◆ RECORDED DATA:

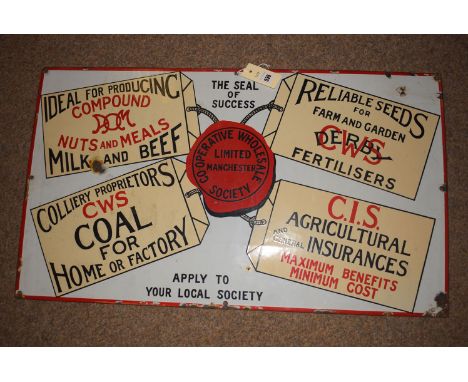 An early 20th Century Co-operative Wholesale Society enamel advertising sign.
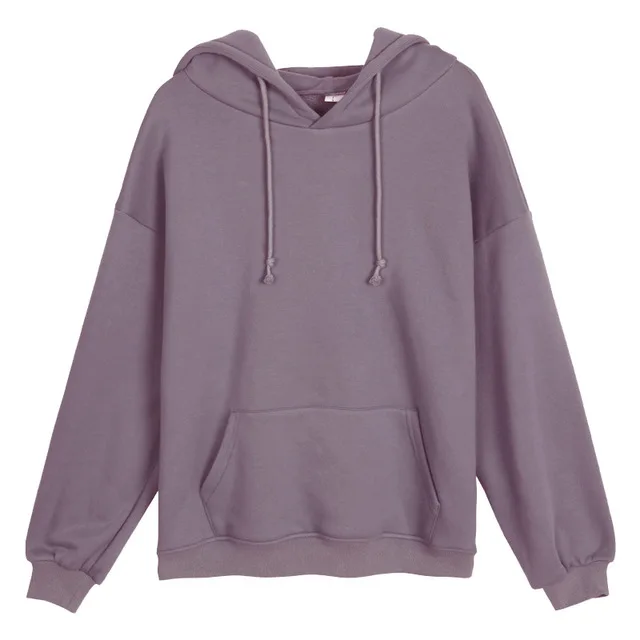 Purple Зима Харадзюку худи и толстовки для женщин сплошной цвет с капюшоном топы женские толстовки повседневные с длинным рукавом утолщение пальто P110 - Цвет: Purple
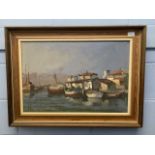 Continental School, 20th century, boats moored along a coastline with a distant lighthouse, oil on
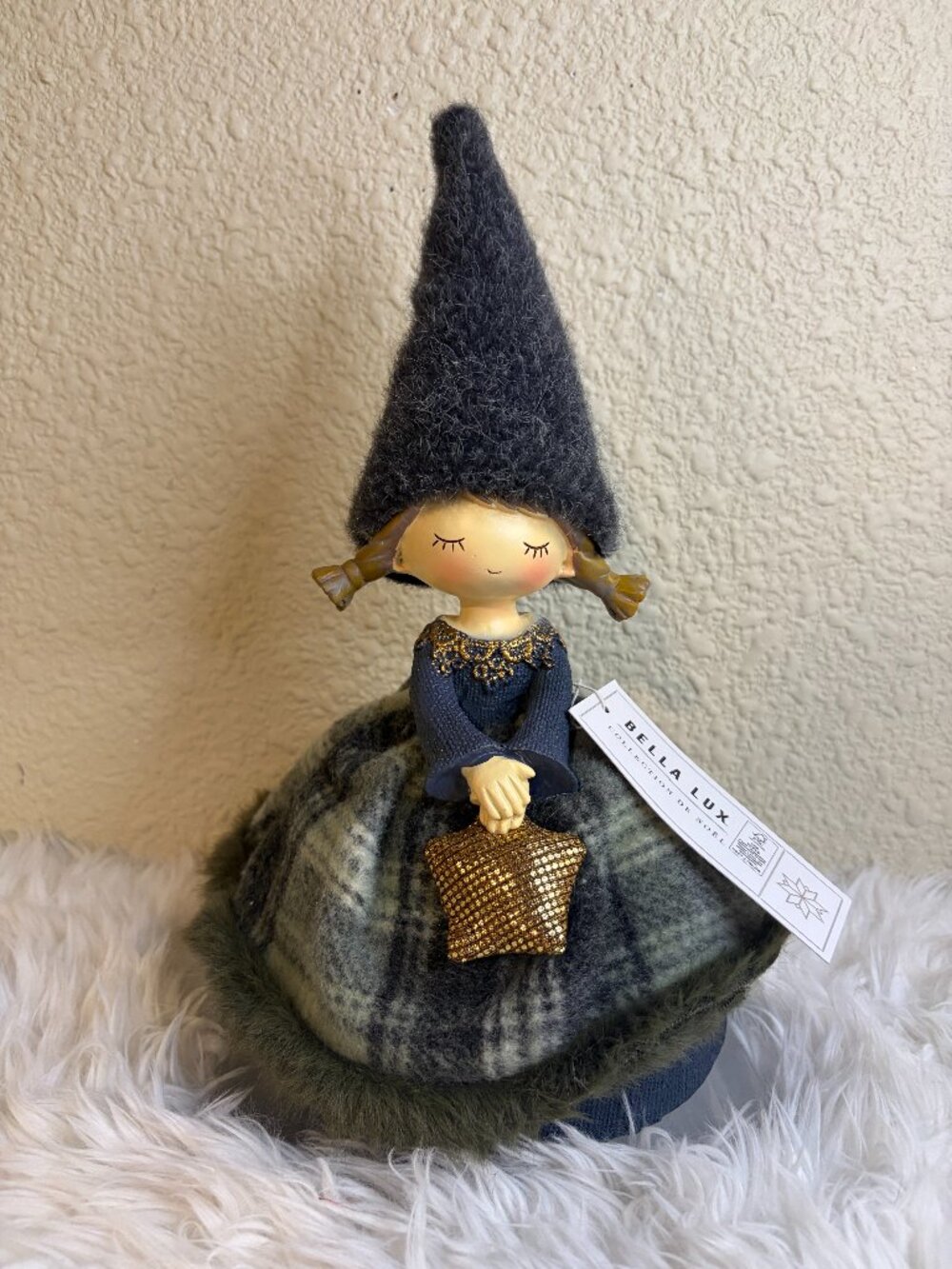 Bella Lux Christmas Angel Girl Plaid Figurine Holiday Decor 12" NWT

◆ PROBLEM DETAILS: Only lines go in the copy, not pictures. Transcribe exactly from the start of the listing through the line containing "Purple Зима Харадзюку".

◆ RESULT BELOW:
 An early 20th Century Co-operative Wholesale Society enamel advertising sign.
 Purple Зима Харадзюку худи и толстовки для женщин сплошной цвет с капюшоном топы женские толстовки повседневные с длинным рукавом утолщение пальто P110 - Цвет: Purple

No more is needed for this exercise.